# SOURCE INFORMATION
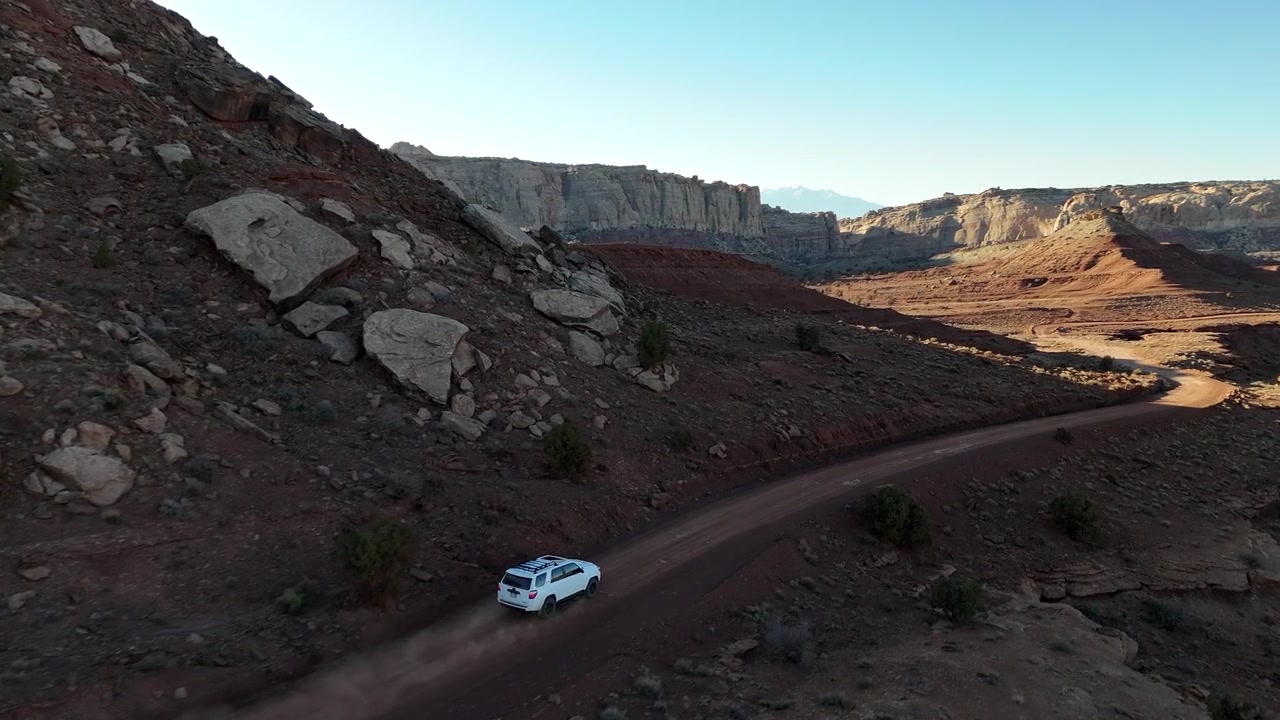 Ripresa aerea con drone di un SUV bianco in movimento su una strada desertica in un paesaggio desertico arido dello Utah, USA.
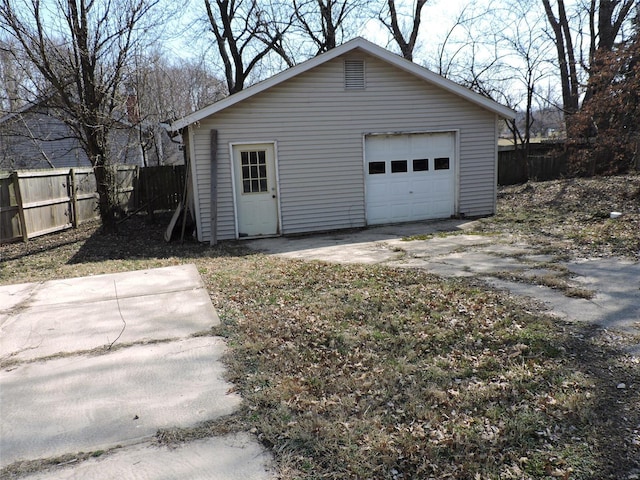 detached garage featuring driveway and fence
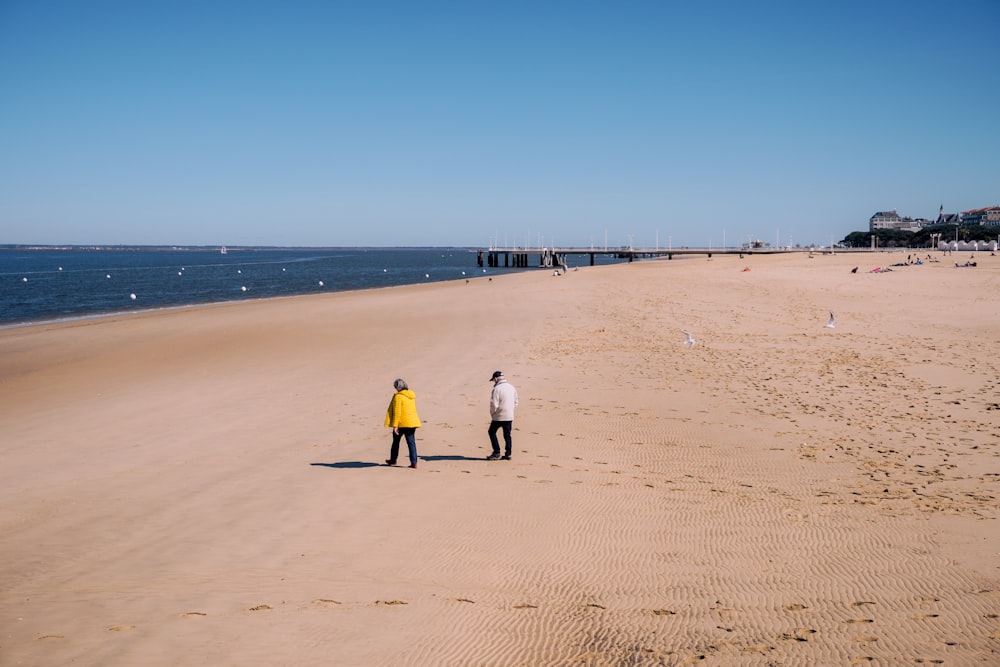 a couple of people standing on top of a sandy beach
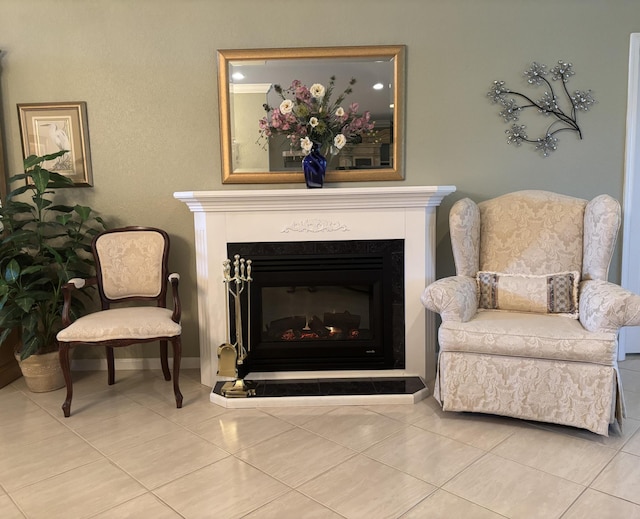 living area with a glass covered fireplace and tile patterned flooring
==
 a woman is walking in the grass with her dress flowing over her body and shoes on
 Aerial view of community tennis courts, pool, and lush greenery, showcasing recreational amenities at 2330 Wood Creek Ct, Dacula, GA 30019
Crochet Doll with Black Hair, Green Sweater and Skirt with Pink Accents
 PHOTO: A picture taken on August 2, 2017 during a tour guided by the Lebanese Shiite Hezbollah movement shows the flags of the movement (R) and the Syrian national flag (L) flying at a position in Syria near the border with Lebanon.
==
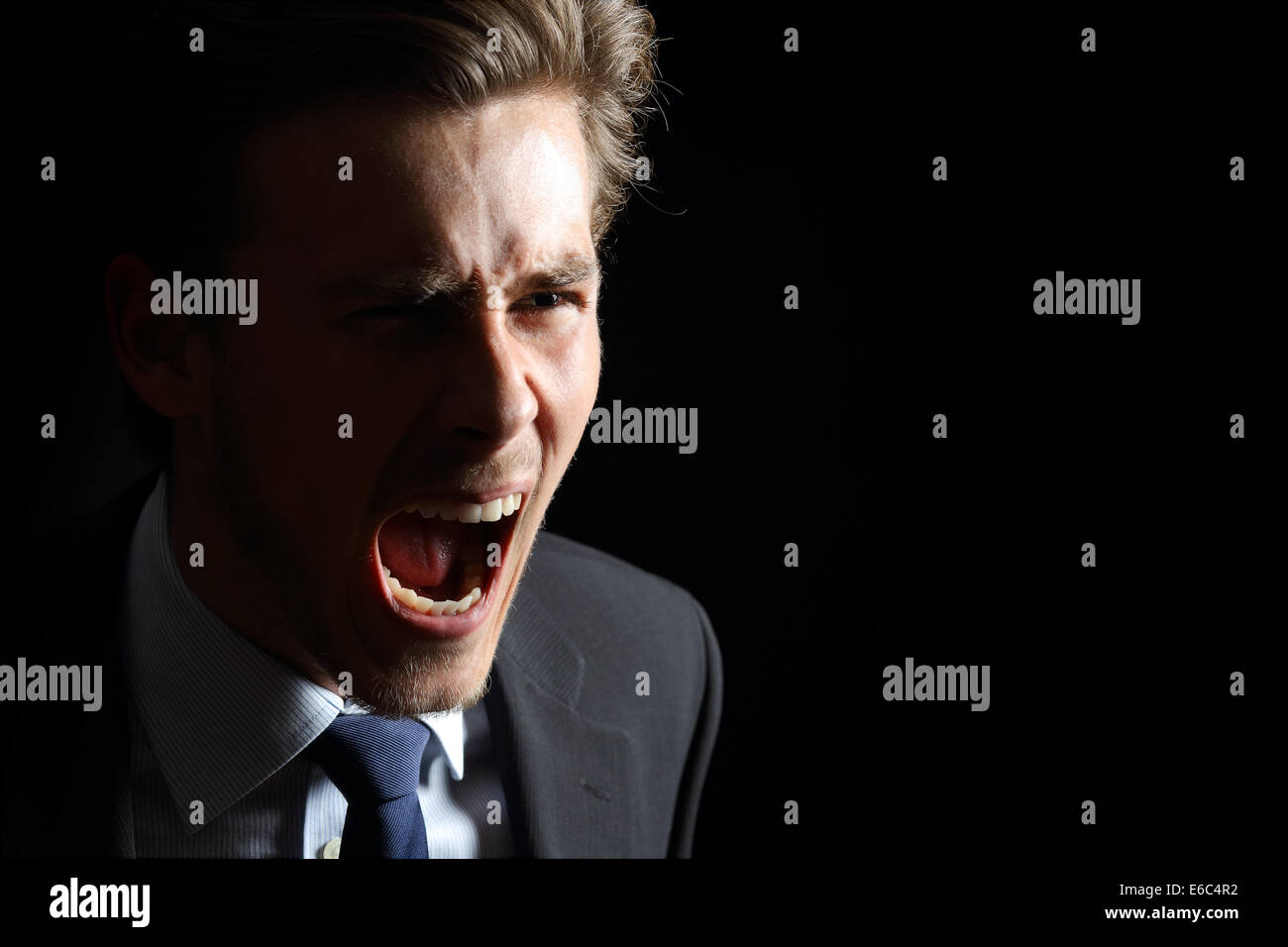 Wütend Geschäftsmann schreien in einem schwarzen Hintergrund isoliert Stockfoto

# TRY IT
In the listing above, find the line with "Aerial view of" and the line with "PHOTO: A picture", then print exactly those lines and every line between them.

# RESPONSE FOR THIS EXERCISE
 Aerial view of community tennis courts, pool, and lush greenery, showcasing recreational amenities at 2330 Wood Creek Ct, Dacula, GA 30019
Crochet Doll with Black Hair, Green Sweater and Skirt with Pink Accents
 PHOTO: A picture taken on August 2, 2017 during a tour guided by the Lebanese Shiite Hezbollah movement shows the flags of the movement (R) and the Syrian national flag (L) flying at a position in Syria near the border with Lebanon.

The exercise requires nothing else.